In Kultur betreibt und bewältigt der Mensch nach diesem Verständnis nichts anderes als seine Mangel-Natur. Es steckt also ein Stück Angst im Feiertagslob auf Kulturleistungen. Das sollten wir nicht vergessen. Es redet sozusagen der Zwerg und nicht der Riese, wenn von Kultur die Rede ist.

Kultur ist Betrug an den Göttern und zugleich ein Stück Überwindung der eigenen Natur des Menschen durch den Menschen, ein ewig schuldbelasteter Fortschrittsdrang. Eine stets sprudelnde Quelle der Geschichte des Kulturbegriffs ist die dichotomische Gegenüberstellung von Kultur und Natur. Das Begriffspaar Kultur – Natur gehört zu den großen dichotomischen Konstrukten der Philosophie; so wie Leib-Seele, Körper-Geist und Gott-Welt. Alle drei sind sozusagen Begriffspaare mit Soll-Bruchstelle und einem Rettungsversprechen, dass Unterwerfung fordert, des Leibes unter die Seele, des Körpers unter den Geist, der Welt und des Menschen unter Gott und der Natur unter die Kultur.

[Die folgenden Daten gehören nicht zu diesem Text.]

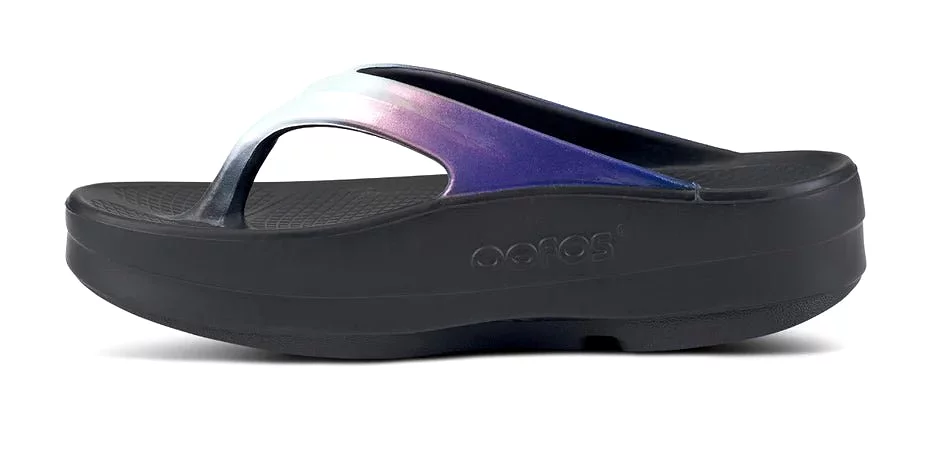 Oofos Women's Oomega Oolala Luxe Recovery Thong Sandal - Calypso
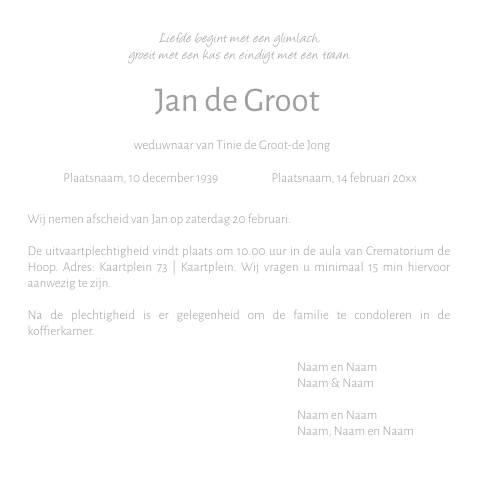 Kaart binnenkant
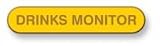Kitchen & Housewares : DRINKS MONITOR Enamel Old School Vintage Badge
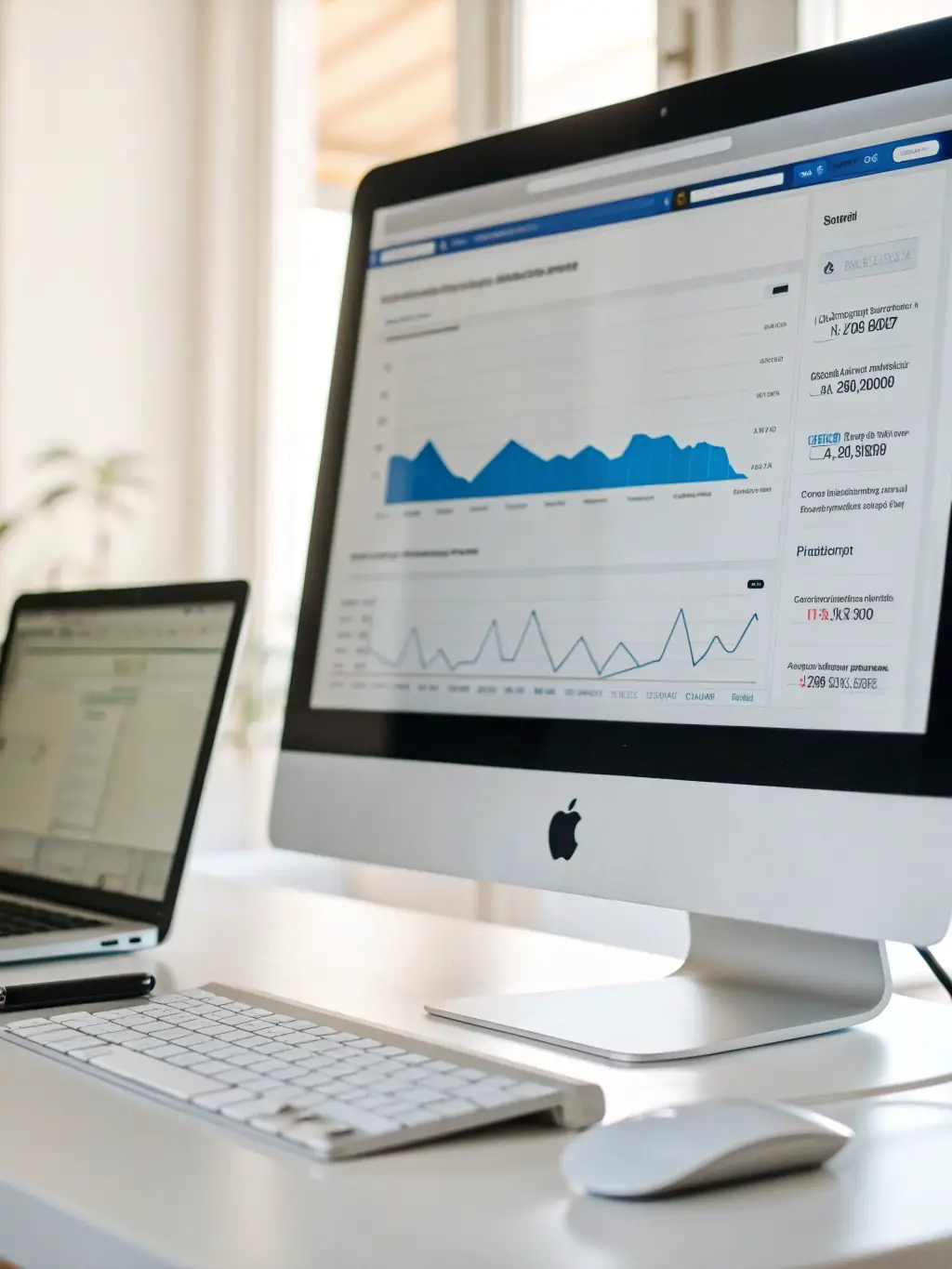 A visual representation of a website's improved search engine ranking, showing a graph trending upwards with annotations highlighting key SEO improvements, demonstrating PixelForge's SEO strategies.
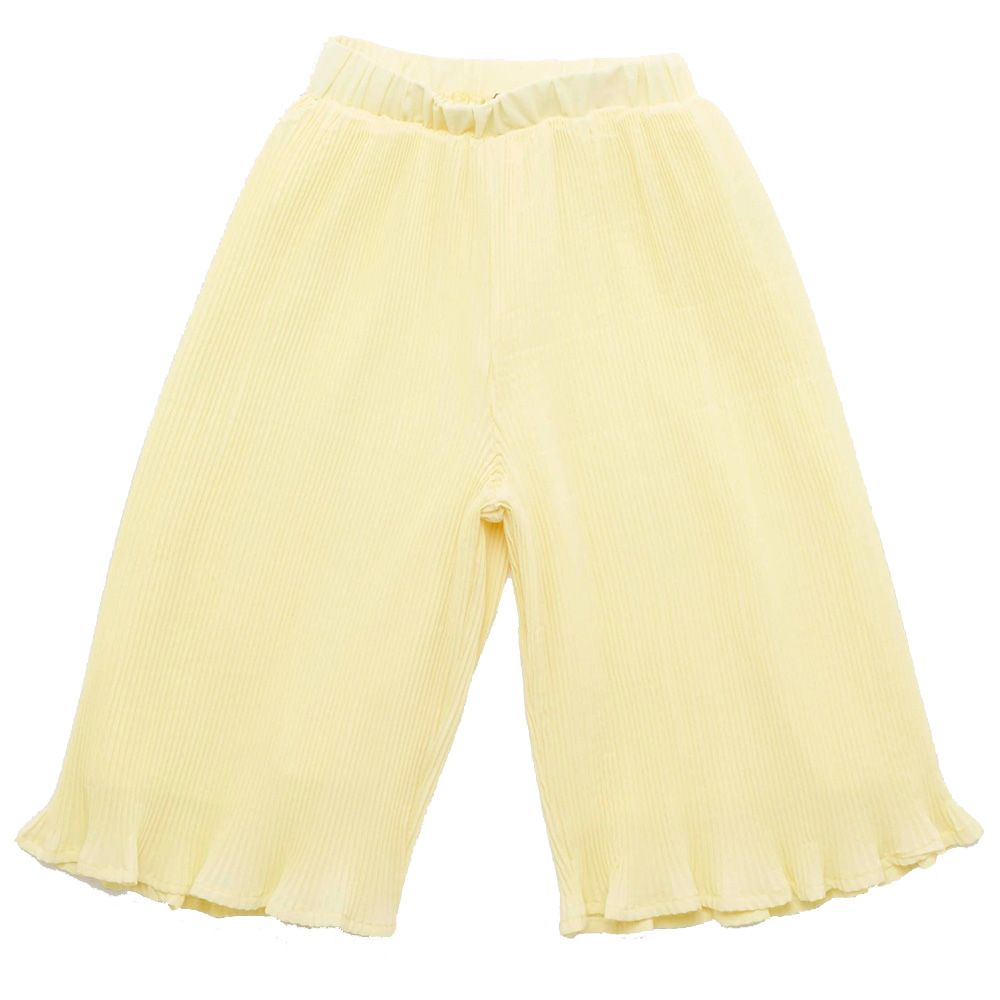 Little Kangaroos - Girl Full Elastic Palazzo - Lemon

Letztlich Unabgrenzbar - Kultur und Natur


Nun stellt sich allerdings heraus: Je mehr auf Kulturvorstellungen insistiert wird, um so weniger abgrenzbar erweist sich Kultur gegenüber Natur. Was ist menschliche Tat, was widerfährt bloß, was gehört zum Gegebenem, was zum Plan, wie viel von beidem steckt schließlich im Arbeitsergebnis? Ursprünglich dachte man an Landwirtschaft. Was an der Ernte ist kultivierende Tätigkeit, was bloß kultiviertes Wachstum der Pflanze selbst?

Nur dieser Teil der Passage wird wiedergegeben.